Saturday, February 13, 2010

When random assignment yields implausible estimates

Consider the following educational treatment, as described on the Department of Education's What Works Clearinghouse:
Seventh graders were placed at random into intervention and comparison groups near the start of the school year.

Both groups were given structured writing assignments three to five times during their seventh- and eighth-grade years.

The intervention group wrote about their personal values (e.g., relationships with friends and family, religious values) and why these were important to them.

The comparison group wrote about neutral subjects, such as their daily routine, or why values they considered unimportant might be important to others.

The result? The WWC summarizes the findings:

Among African-American students, completing writing exercises about their values increased their average seventh- and eighth-grade GPA by a quarter of a letter grade (0.24 points), a change that was statistically significant. The intervention did not have a statistically significant effect on the academic outcomes of European-American students.

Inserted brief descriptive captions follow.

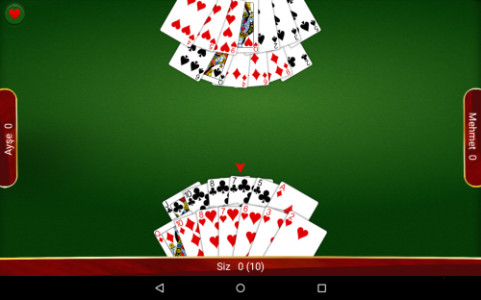 Batak - Tekli, Eşli, Koz Maça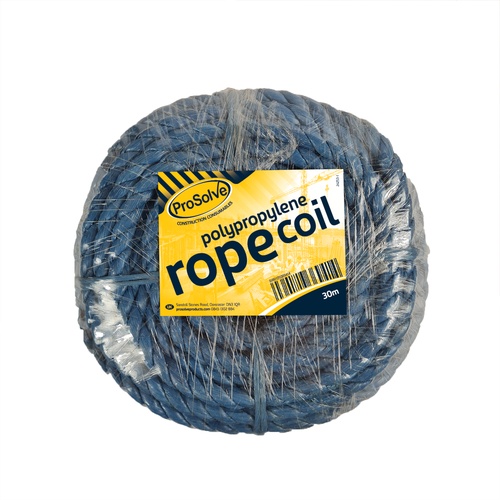 ProSolve Polypropylene Rope - 12mm x 30mtr
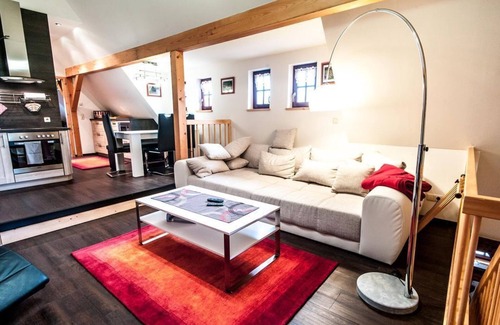 Niederfrohna Other | Vacation apartment Wolkenburg - Auszeithof Niederfrohna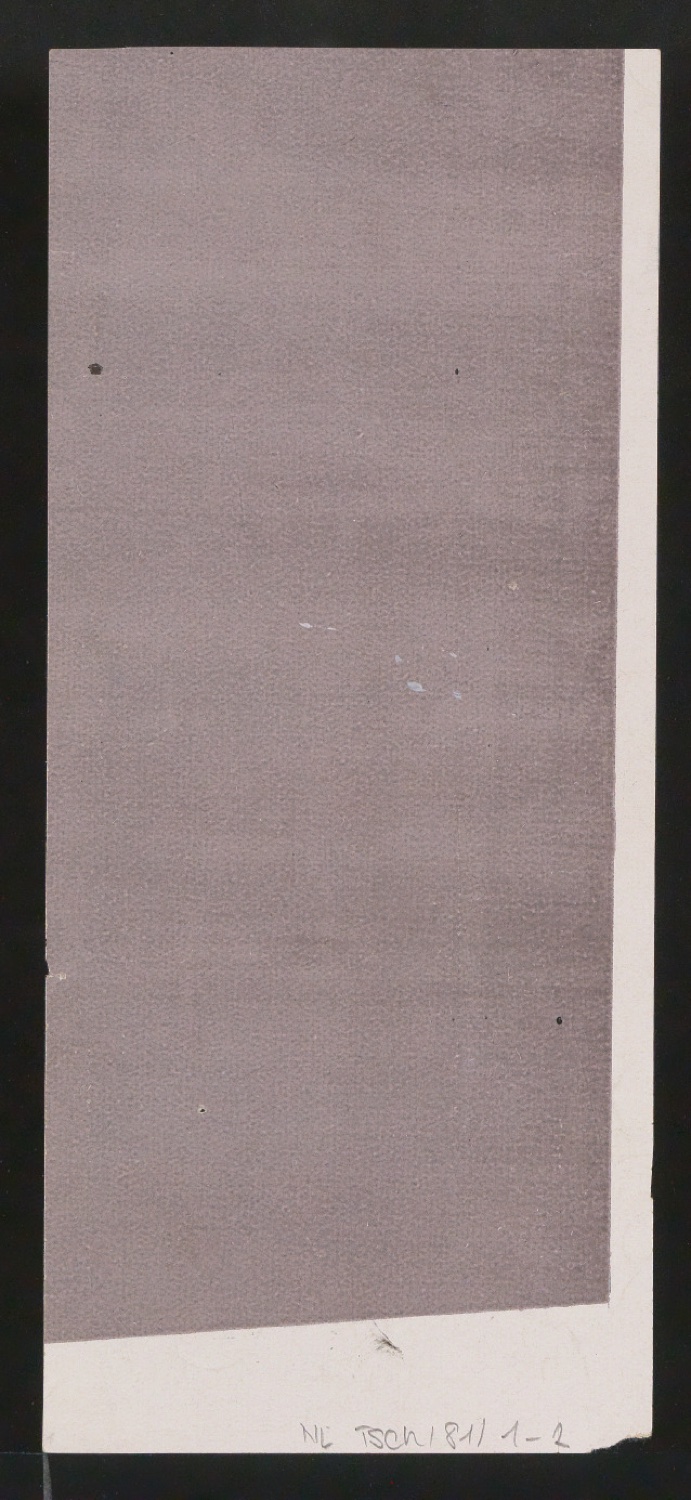 Mappe mit Entwurfszeichnungen Uhertype Halbfette Standard-Grotesk Versalien — Blatt 4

Among low-achieving African-American students, the effect was somewhat larger, an increase in average seventh- and eighth-grade GPA of 0.41 points. In addition, the intervention reduced the likelihood that low-achieving African-American students were assigned to a remedial program or were retained in grade.

Is this plausible? Both 0.24 and 0.41 GPA points are large impacts, particularly given that the support of the GPA distribution at many schools is largely confined to 2.0 to 4.0 or even 2.5 to 4.0.

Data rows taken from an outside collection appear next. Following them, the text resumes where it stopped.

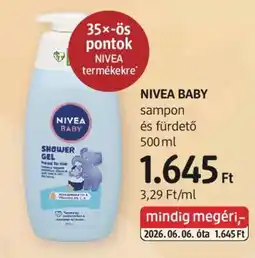DM NIVEA BABY ajánlat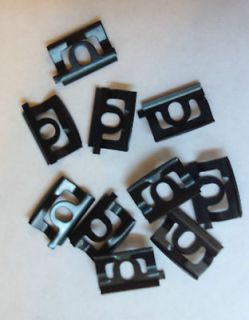   Window Windshield Reveal Moulding Clips NOS (Fits Dodge Charger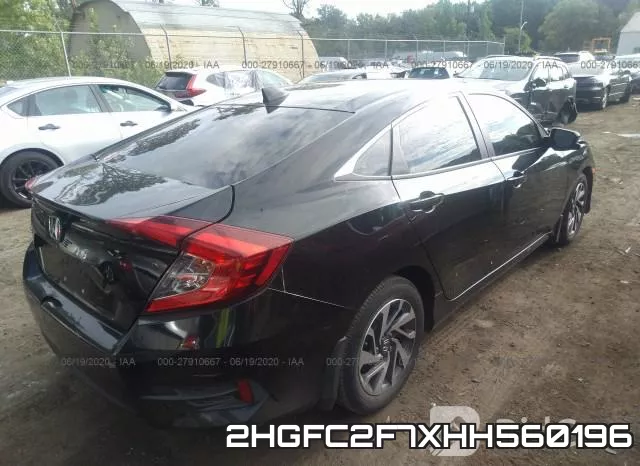 2HGFC2F7XHH560196 фото 5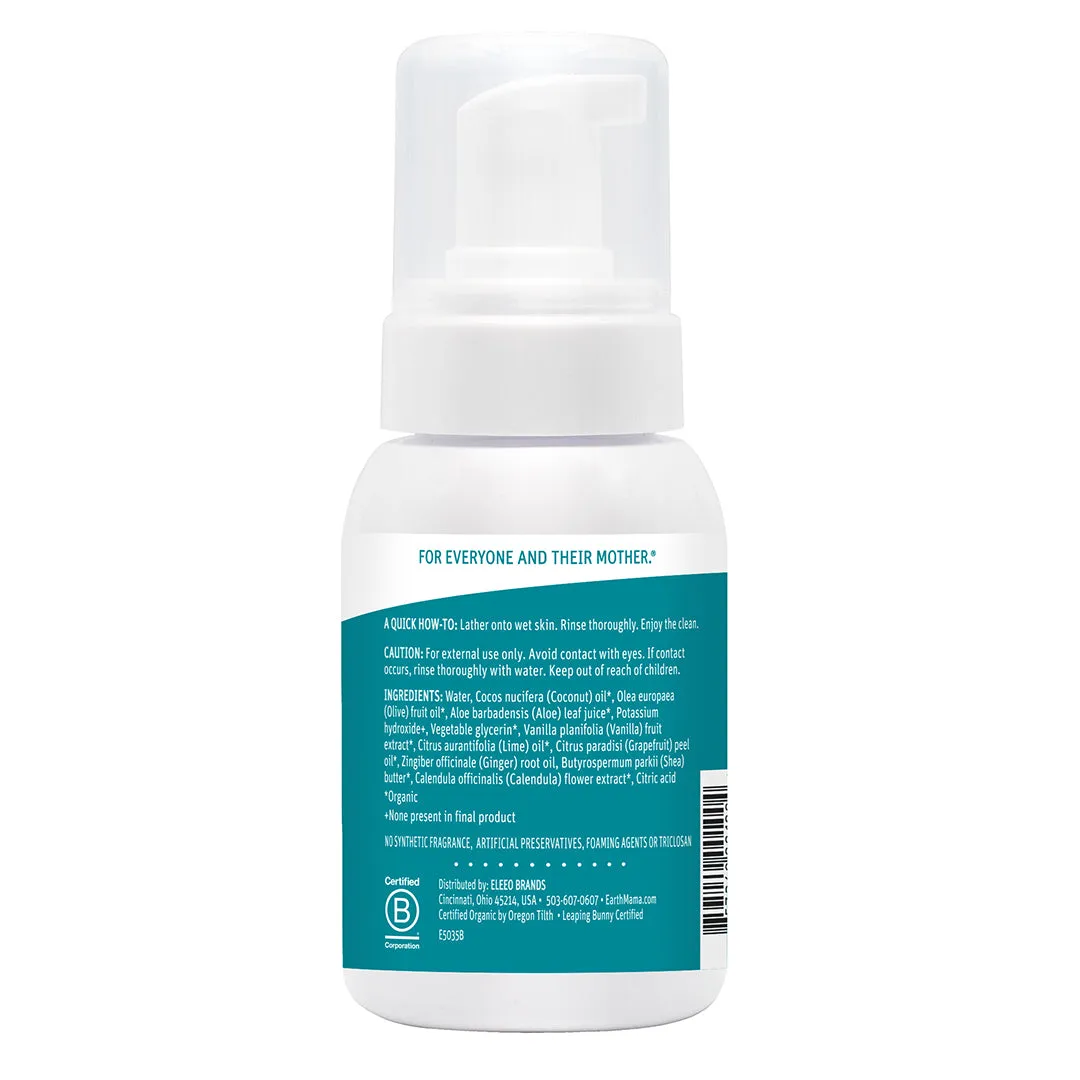 Earth Mama Ginger Fresh Castile Body Wash kroppstvål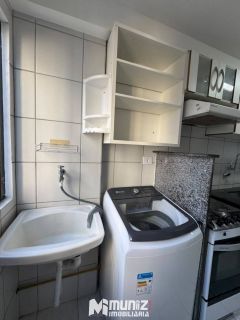 Apartamento Mobiliado para Alugar no Condomínio Porto das Águas - Inácio Barbosa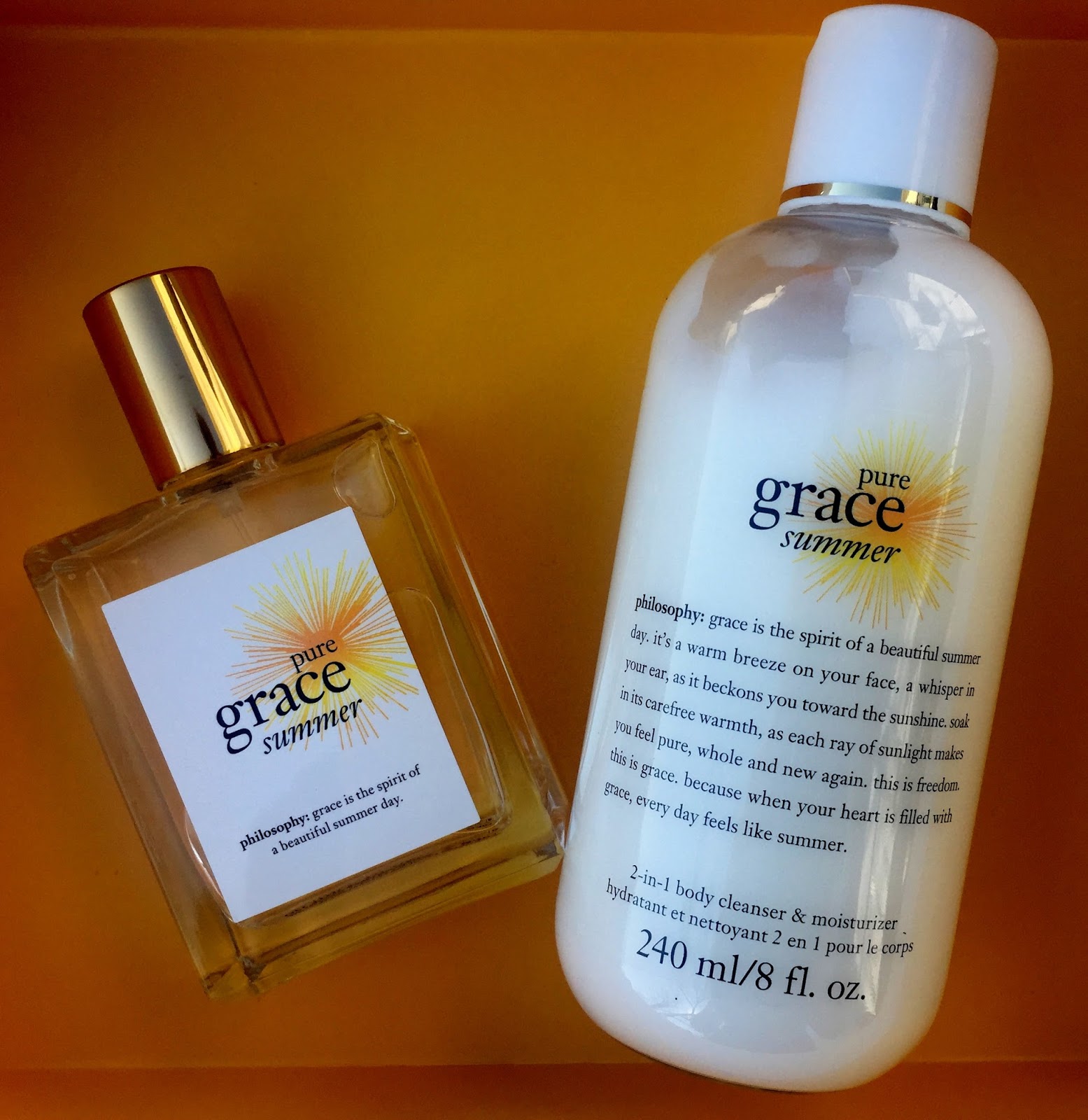 sunshine grace perfume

What could go wrong? Like most educational interventions, this one is not double-blind. It may not be single-blind either, if the teachers know which students ended up in the treatment and control groups. On the other hand, given that all students wrote essays it may not have been clear to the students what the "treatment" was in some sense.

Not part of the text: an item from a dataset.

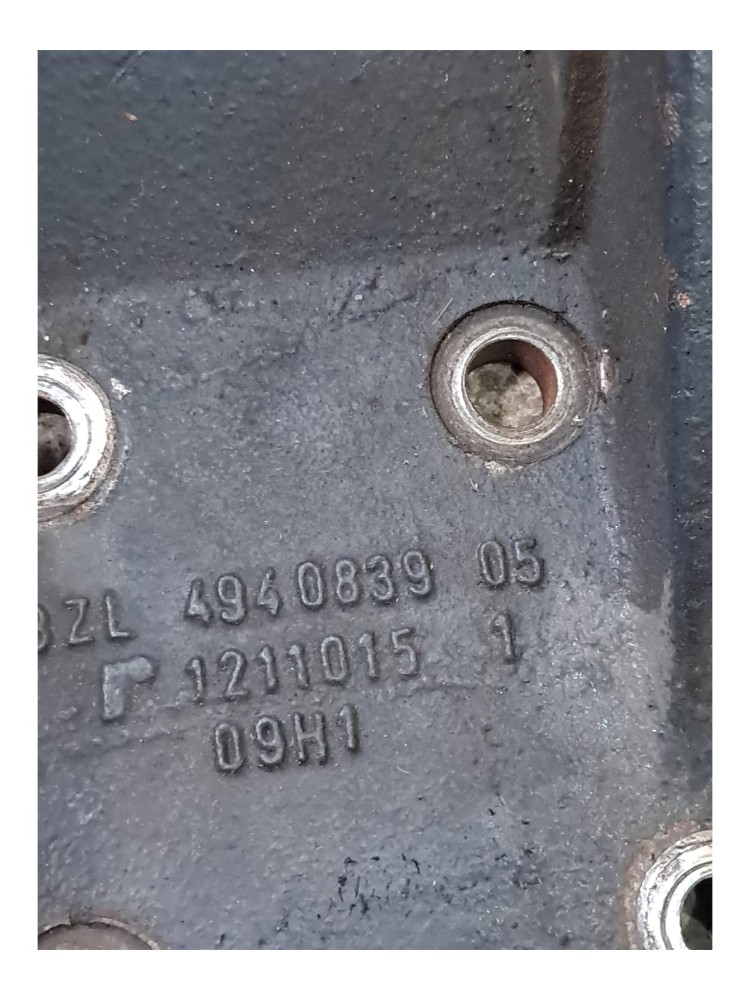 Suporte Fixacao Alternador Ford Cargo 2011 A 2023 Motor Cumm 4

One might also worry that one of the alternative essay topics, namely "why values they considered unimportant might be important to others" is not really "neutral" and instead might have its own treatment effect. In this regard, it would be nice to have a no-essay control group along with the "other essay topic" second treatment arm. A no-essay control group has its own issues, of course, because it makes the nature of the treatment clearer to the students, but it would shed at least some light on concerns that one of the alternative essay topics may reduce GPAs rather than the other increasing them or some combination of the two.

Also, one would like a compelling theory of why such a modest treatment should have such a gigantic effect.

Interesting, and puzzling, and a good illustration of why one study is rarely definitive and, not unrelated, why good science involves both exact replications and small perturbations of provocative results.

I should have gotten one of my ECON 490 students to do their literature survey on such treatments.